On verra, mais c'est parti tout croche!
Félix: les bains linguistiques sélectionnent les élèves. Ici, on parle d'un programme intensif, universel et obligatoire.
Parti tout croche et c'est même pas commencé.
L'anglais intensif: plusieurs questions en suspens.
En voici deux qui me tracassent:
L'arrimage avec le secondaire et la formation des maîtres.
Voir mon billet:
http://helenejsblog.blogspot.com/2011/02/anglais-intensif-en-6e-annee-beaucoup.html
Je me méfie de toute mesure qui s'applique à l'ensemble d'une population. Quel le gouvernement ait annoncé qu'il rendrait l'apprentissage intensif de l'anglais à la 6e année du primaire plus accessible, je m'en serait réjouie.

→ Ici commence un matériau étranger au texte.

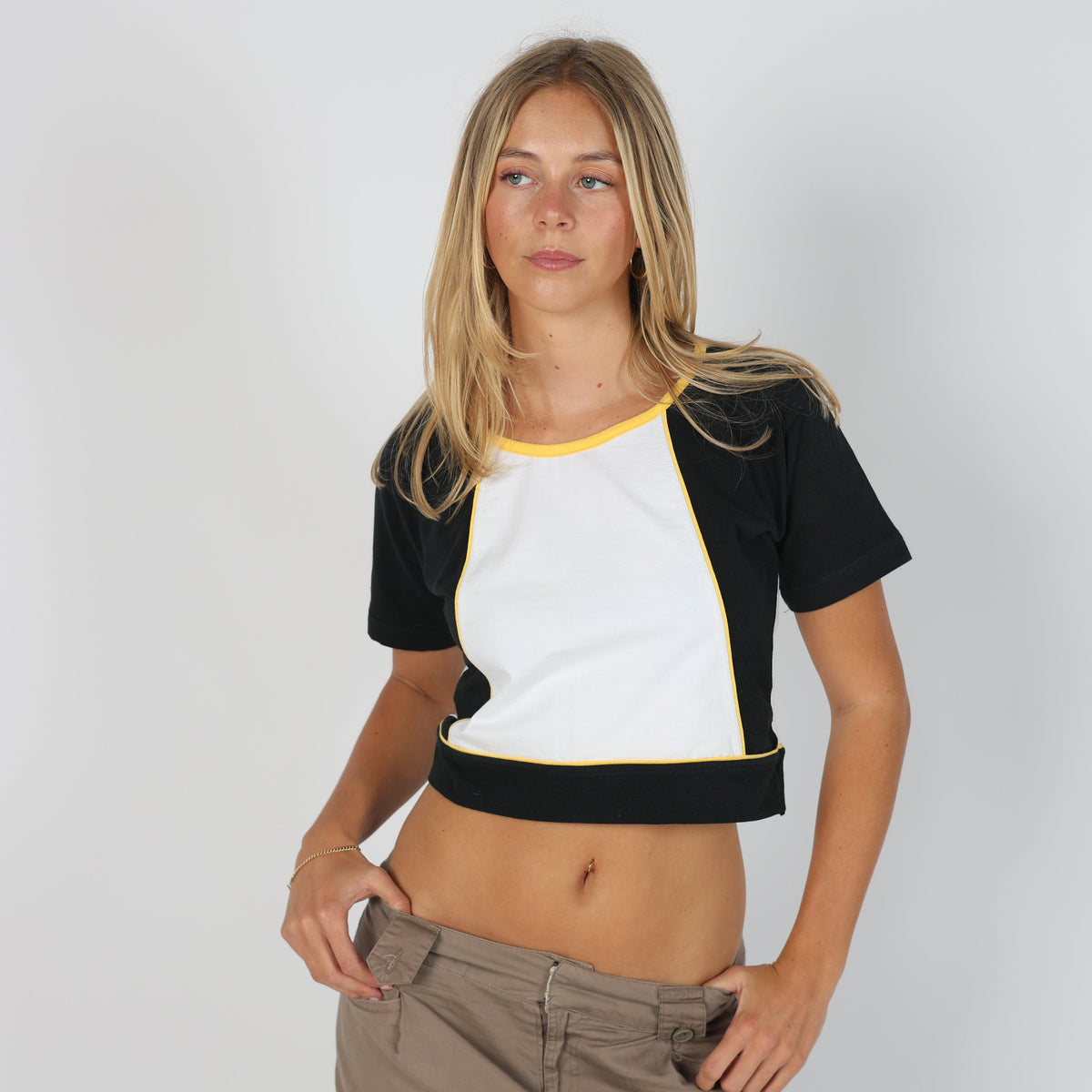 Black Y2K Savvy Sports T-shirt (L)
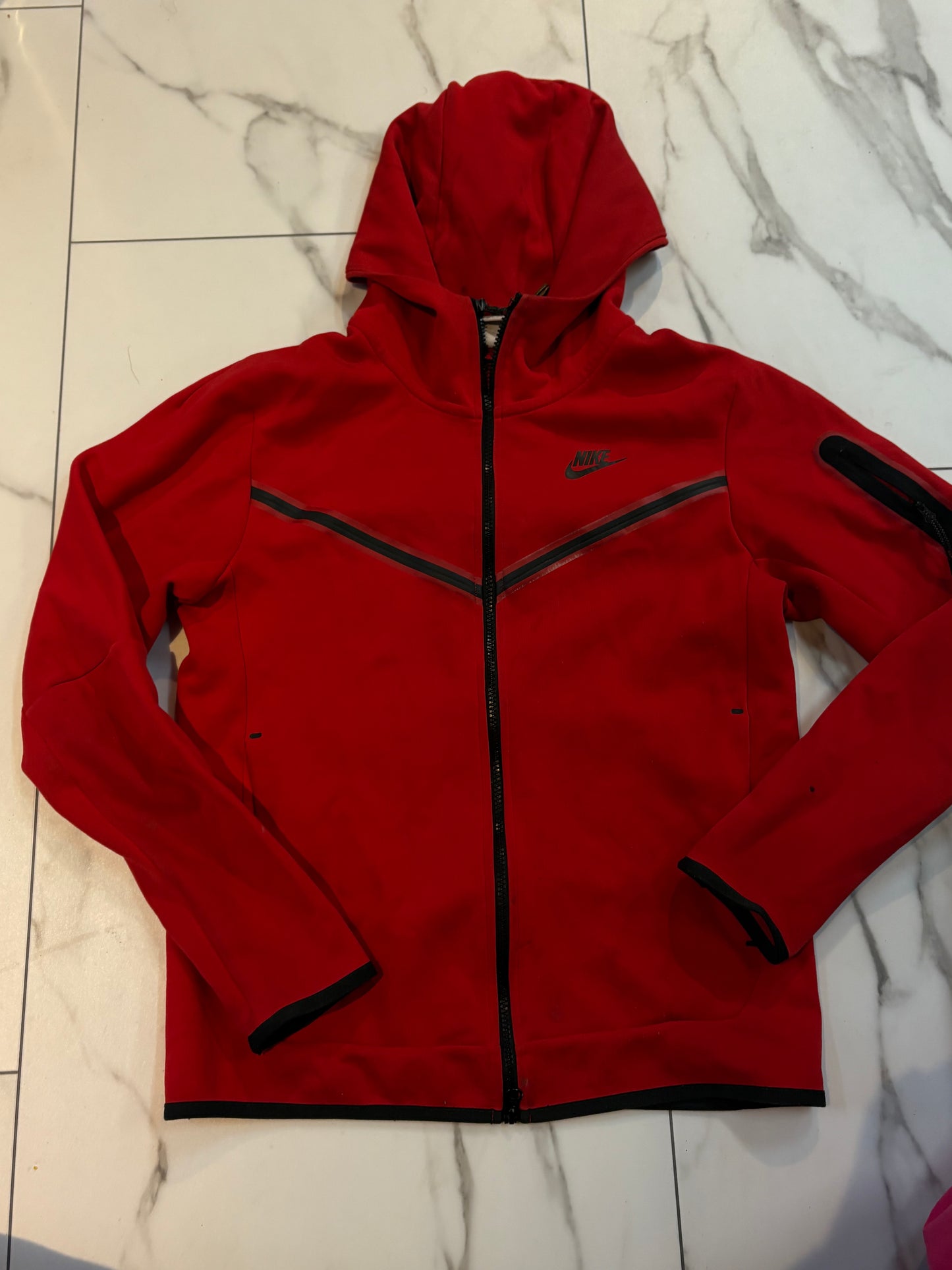 Red Nike tech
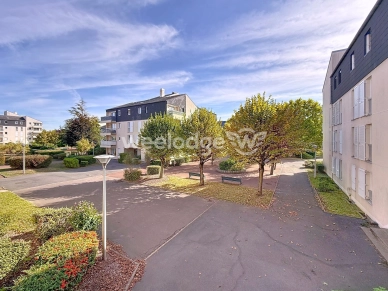 Appartement à vendre 4 pièces de 78,65 m² à Éragny
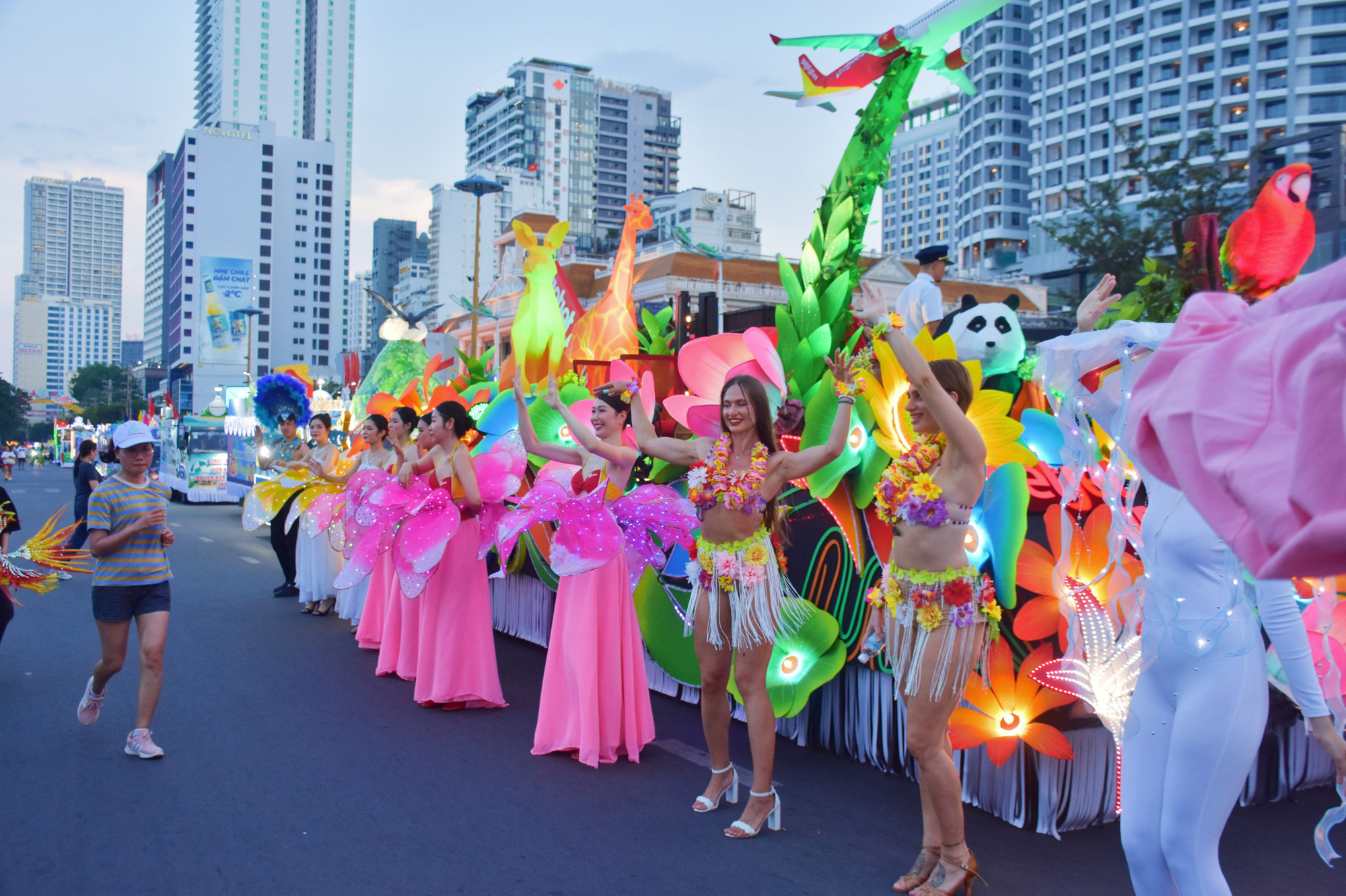 Nha Trang shines bright with carnival of lights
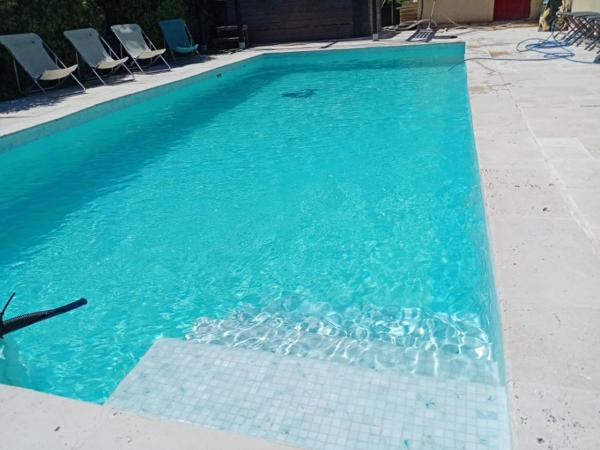 Le Val des Nymphes Petit déj compris, piscine, parking, Book  Colonzelle Drôme Provençale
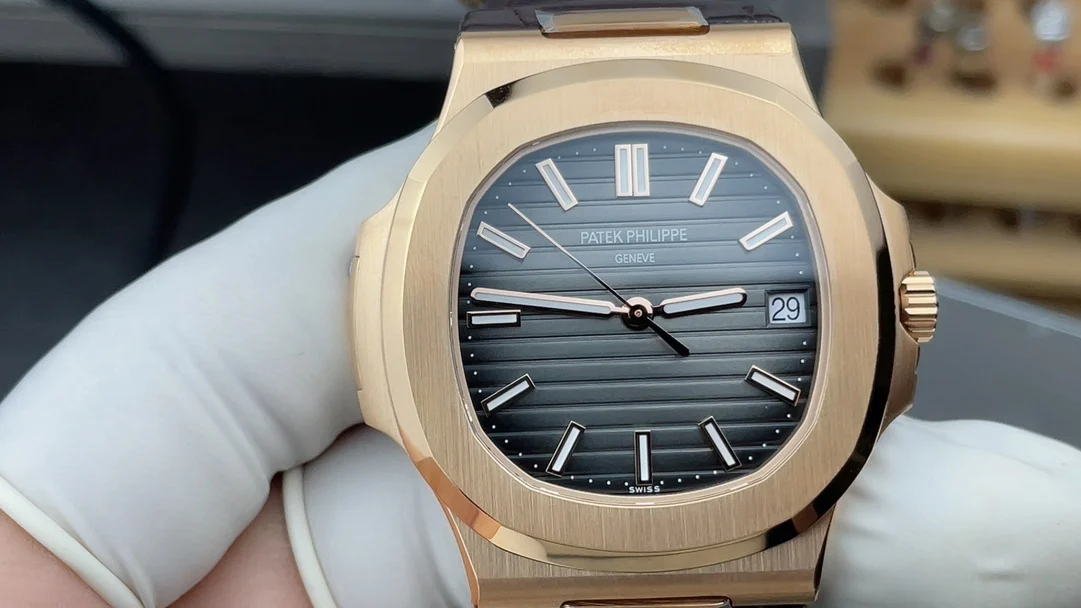 3K rose gold leather strap parrot — photographed off the sweep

Mais de le rendre par une loi, partout obligatoire ne prend pas compte des réalités propres aux régions, aux écoles à vocation particulière, etc. me semble irresponsable.
Mamzelle; de l'anglais intensif pour tous. Actuellement, on l'offre aux élèves doués qui n'ont aucun retard scolaire et on constate que la formule peut nuire à certains malgré tout. Alors, imaginez pour l'ensemble des élèves.
Peut-être que la prof qui a enseigné en Ontario et qui a fait la Une du JDM sera contente? Est-ce qu'on fera passer autant de tests aux profs approchés qu'à cette enseignante?
Autres temps autres moeurs?
Monsieur le professeur masqué,
Je suis en accord lorsque vous affirmez que « Ici, on parle d'un programme intensif, universel et obligatoire. »
C'était mon idée, ai-je mal formulé?